Переехав кричащих от ужаса людей, грузовик проехал еще метров пять и слетел с дороги, впечатавшись в толстое дерево. На дороге лежало трое – вокруг них были просто горы из перемешавшийся с тонной пыли крови, горы эти росли. Двое лежали замертво, руки и ноги, выгнутые в непривычные стороны, не шевелились, на размноженных головах не были видны лица. Оставшийся в живых выл от боли, закапывая себя в странном пюре из крови и пыли, изгибаясь словно червяк на солнце. Летов подошел к ним и отупевшим, злобным и диким лицом уставился в этот кроваво-пыльный океан. Вот тогда он впервые и получил удовлетворение от вида смерти – до этого таких чувств не было, к убийствам от относился как к элементу своей работы или как к военной рутине, но сейчас, видя этих умирающих раненых, он получал жуткое удовлетворение; привычная душевная боль отходила на второй план – она вовсе не чувствовалась.
Потом такие чувства еще всплывали и во время войны. Редко, ибо не было времени думать, поэтому жуткая тоска, ощущение опустошенности и боли, которое безотрывно шло под руку с Летовым после побега из плена, просыпалось лишь в свободные минуты перед сном, которых, однако, было мало.
…Тем временем Павлюшин валялся в своей холодной комнате. Окровавленный топор лежал около тумбы, сам убийца дергался в конвульсиях на своей грязной койке в психическом припадке.

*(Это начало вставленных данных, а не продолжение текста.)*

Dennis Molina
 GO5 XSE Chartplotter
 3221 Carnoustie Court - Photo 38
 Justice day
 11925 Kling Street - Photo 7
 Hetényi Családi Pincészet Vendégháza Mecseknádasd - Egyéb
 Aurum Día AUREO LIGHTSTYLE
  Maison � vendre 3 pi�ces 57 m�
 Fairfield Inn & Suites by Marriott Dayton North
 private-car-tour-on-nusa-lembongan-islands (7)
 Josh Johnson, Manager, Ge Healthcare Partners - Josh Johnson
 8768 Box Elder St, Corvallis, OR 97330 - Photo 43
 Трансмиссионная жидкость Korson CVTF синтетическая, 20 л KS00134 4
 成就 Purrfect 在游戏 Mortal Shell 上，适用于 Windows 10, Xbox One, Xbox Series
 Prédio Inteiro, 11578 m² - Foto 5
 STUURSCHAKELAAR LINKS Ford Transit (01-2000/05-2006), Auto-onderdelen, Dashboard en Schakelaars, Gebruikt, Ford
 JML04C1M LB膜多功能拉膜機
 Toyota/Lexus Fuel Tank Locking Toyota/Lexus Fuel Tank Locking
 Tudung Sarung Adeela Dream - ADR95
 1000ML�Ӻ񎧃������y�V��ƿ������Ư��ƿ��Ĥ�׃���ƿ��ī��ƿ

На его грязном лице выступил пот, глаза дико смотрели на потолок, а губы что-то шептали; голоса звучали еще громче и отчетливее, головная боль иногда становилась невыносимой, а галлюцинации преследовали его почти постоянно.
Так он пролежал с минуту, а потом резко вскочил и крича что-то невнятное, схватил топор, бросившись на свою жену, которая влезла в комнату через окно.
Он повалил ее на пол, уже в который раз избивая топром, впрочем, на самом деле топор лишь разрубал гнилые доски пола, раскидывая в округе щепки. Он рубил ее, кровь брызгала по всей комнате, хотя, на самом деле, это коричневые и мокрые щепки разлетались повсюду. Вдруг тот самый голос, прекратив кричать «Убей», выкрикнул: «Зачем самому рубить лес и ловить щепки?»
Павлюшин упал на спину и завыл словно волк. Ее тело исчезло, кровь тоже странным образом смылась и лишь вырубленные ямы в полу, да щепки находились на месте тела. Павлюшин еще что-то бормотал, а потом упал в обморок.